Records from a data source
----------
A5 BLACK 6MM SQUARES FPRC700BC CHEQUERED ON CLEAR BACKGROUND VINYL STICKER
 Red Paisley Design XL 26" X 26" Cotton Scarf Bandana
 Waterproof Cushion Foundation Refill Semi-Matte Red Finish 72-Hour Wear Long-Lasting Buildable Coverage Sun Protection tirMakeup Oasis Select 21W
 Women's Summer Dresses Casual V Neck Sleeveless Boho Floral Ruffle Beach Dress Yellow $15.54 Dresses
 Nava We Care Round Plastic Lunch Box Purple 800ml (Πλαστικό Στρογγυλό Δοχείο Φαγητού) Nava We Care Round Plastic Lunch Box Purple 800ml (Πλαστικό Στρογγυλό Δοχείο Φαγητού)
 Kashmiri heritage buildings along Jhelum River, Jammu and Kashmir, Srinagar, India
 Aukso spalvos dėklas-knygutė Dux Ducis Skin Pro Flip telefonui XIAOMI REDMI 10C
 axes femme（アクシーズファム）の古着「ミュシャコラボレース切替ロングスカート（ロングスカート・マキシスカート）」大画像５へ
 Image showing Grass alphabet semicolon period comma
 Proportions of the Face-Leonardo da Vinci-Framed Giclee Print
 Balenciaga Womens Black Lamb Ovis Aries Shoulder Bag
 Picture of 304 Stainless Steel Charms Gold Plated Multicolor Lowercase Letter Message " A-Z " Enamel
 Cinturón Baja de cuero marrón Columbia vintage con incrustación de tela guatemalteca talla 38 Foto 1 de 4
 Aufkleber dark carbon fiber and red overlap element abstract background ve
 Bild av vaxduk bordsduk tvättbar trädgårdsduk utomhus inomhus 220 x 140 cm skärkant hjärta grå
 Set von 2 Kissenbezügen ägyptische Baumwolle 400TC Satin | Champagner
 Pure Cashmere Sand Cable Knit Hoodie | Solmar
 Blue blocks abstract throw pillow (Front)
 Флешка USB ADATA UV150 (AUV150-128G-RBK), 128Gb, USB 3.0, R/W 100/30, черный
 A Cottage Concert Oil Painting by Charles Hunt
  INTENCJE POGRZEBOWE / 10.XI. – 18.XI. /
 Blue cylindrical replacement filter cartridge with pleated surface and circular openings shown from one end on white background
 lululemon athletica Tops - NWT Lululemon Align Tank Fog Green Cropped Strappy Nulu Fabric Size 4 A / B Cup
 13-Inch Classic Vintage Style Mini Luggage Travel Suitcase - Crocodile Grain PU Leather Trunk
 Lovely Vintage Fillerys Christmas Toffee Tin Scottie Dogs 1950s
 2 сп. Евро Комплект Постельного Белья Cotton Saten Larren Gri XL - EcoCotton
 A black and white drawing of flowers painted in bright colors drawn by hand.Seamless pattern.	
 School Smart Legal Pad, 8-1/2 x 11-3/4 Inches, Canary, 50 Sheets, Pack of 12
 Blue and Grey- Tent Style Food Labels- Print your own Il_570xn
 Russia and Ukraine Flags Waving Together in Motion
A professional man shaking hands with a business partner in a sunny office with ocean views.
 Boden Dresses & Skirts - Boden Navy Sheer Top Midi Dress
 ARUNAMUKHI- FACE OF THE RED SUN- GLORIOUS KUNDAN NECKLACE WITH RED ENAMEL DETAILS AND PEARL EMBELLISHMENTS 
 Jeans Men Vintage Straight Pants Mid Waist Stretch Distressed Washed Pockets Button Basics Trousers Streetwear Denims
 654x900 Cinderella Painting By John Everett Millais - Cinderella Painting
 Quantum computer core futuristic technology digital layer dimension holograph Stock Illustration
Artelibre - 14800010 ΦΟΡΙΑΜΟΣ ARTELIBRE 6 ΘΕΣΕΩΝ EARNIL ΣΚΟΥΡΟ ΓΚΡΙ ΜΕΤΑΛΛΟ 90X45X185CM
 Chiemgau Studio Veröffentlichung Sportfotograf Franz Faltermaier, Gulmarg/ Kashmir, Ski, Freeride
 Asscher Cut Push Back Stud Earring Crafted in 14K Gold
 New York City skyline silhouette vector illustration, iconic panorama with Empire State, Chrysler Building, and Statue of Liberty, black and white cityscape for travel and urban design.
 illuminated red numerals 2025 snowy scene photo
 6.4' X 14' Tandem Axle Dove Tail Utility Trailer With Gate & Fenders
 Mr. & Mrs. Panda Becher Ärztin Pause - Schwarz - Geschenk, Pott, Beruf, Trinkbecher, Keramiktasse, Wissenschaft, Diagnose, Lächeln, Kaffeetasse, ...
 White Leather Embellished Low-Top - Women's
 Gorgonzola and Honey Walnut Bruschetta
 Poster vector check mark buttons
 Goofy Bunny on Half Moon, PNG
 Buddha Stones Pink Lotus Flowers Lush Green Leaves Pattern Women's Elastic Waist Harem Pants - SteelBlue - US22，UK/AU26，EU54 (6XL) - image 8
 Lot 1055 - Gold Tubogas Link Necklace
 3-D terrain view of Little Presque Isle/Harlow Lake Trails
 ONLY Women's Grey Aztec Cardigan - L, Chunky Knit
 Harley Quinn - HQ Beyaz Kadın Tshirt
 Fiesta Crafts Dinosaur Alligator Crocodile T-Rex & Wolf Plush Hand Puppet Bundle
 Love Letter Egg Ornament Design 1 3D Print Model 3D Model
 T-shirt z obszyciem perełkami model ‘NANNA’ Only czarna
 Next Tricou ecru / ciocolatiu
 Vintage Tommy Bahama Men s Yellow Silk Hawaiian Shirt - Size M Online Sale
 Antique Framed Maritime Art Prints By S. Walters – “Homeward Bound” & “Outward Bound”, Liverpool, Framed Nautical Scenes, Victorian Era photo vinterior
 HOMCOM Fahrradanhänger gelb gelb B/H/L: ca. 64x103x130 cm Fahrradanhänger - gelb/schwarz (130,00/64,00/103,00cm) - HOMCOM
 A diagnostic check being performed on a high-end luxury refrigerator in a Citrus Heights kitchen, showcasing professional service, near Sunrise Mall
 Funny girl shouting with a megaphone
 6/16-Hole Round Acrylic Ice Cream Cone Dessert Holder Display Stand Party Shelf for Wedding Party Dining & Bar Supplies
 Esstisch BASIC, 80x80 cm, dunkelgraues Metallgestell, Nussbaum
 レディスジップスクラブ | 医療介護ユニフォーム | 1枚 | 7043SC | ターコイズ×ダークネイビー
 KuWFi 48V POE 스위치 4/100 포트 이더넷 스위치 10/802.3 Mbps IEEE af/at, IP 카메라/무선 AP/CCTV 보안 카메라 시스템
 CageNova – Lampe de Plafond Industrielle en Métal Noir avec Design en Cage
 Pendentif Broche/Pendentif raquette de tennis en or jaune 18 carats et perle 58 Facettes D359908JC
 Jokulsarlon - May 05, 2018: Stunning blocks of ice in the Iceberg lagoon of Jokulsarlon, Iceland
----------
EXERCISE PROMPT
State the number of lines in the data above containing the string "blocks" and nothing more.

SOLUTION TO THE PROBLEM
2